The thing I’ve found most cumbersome and yet necessary every time is handling different environments - for testing, experimentation, production, public data, whatever. It ended up either being on different branches named in patterns or in separate directories for the datasets in the main branch, both resulting in messes in different ways. I think it would be appropriate to address this directly in dvc, however I don’t have a clear implementation plan, so I’m mainly looking for ideas here.

let me just drop 2 common use-cases and please share ideas and best practices relating to these:

  • running quick integration tests on a small sample of data that validates changes before properly testing them
  • maintaining an anonymized public sample of a dataset used in a scientific study for public access and running all pipelines through it

I’m happy to contribute to dvc directly, but I don’t really want to start hacking away without asking for ideas and experiences

1 Like

Hi @endremborza

Looks like you’ve already described the 2 most straightforward ways to organize the project: branch-based vs. directory-based.

But you may not even need either one! Have you tried substituting the data (preserving the file name) in each environment and then using dvc repro?

If it’s a test you may not need to commit the results, right? Or to commit the state but keep the data out of storage (anonymous) you can use cache: false in dvc.yaml outs fields (see ref).

Another option (workaround) is to parameterize your dvc.yaml file(s) so you can easily plug in/out different datasets, output names, etc. See dvc.yaml Templating for more info. Example:

# params.yaml
myparams:
  input_fpath: data/in.csv
# dvc.yaml
stages:
  myprocess:
    cmd: ./process.sh ${myparams.input_fpath} labels.txt
    deps:
    - process.sh
    - ${myparams.input_fpath}
    outs:
    - labels.txt

The trick would then be to generate the params.yaml in each environment replacing data/in.csv with different values, e.g. from environment variables. For example setting INPUT_FPATH and using a script like this:

echo "myparams:" > params.yaml
echo "  input_fpath: $INPUT_FPATH" >> params.yaml

p.s. there is a long-standing feature request about environment variables in dvc.yaml, in case you’d like to support it on GH: pipelines: parametrize using environment variables / DVC properties · Issue #1416 · iterative/dvc · GitHub

Oh, i did not know about the ${myparams.input_fpath} syntax, that’s nice.

Still all ideas seem a little hacky.

ideally, I would prefer running dvc repro with some --env=test parameter which somehow respects a directory based organization

Ah, that reminds me that you can parameterize like I mentioned, and then use dvc exp run --set-param instead (see ref), specifying each param value as needed (could use env vars there too).
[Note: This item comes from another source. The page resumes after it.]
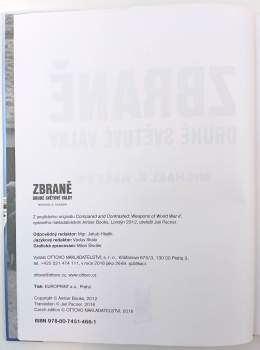 Michael Haskew,: Zbraně druhé světové války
E.g.:

$ export IN_FPATH=/mnt/nas/data/sample.csv
$ dvc exp run --set-param myparams.input_fpath=$IN_FPATH

See also Experiment Management.

that’s getting a lot nicer :slight_smile:

so a test case can be treated as an experiment, that is a great approach to one of the cases

the public data instance fits a little less, still

1 Like

This sounds like a good scenario for the data registry pattern.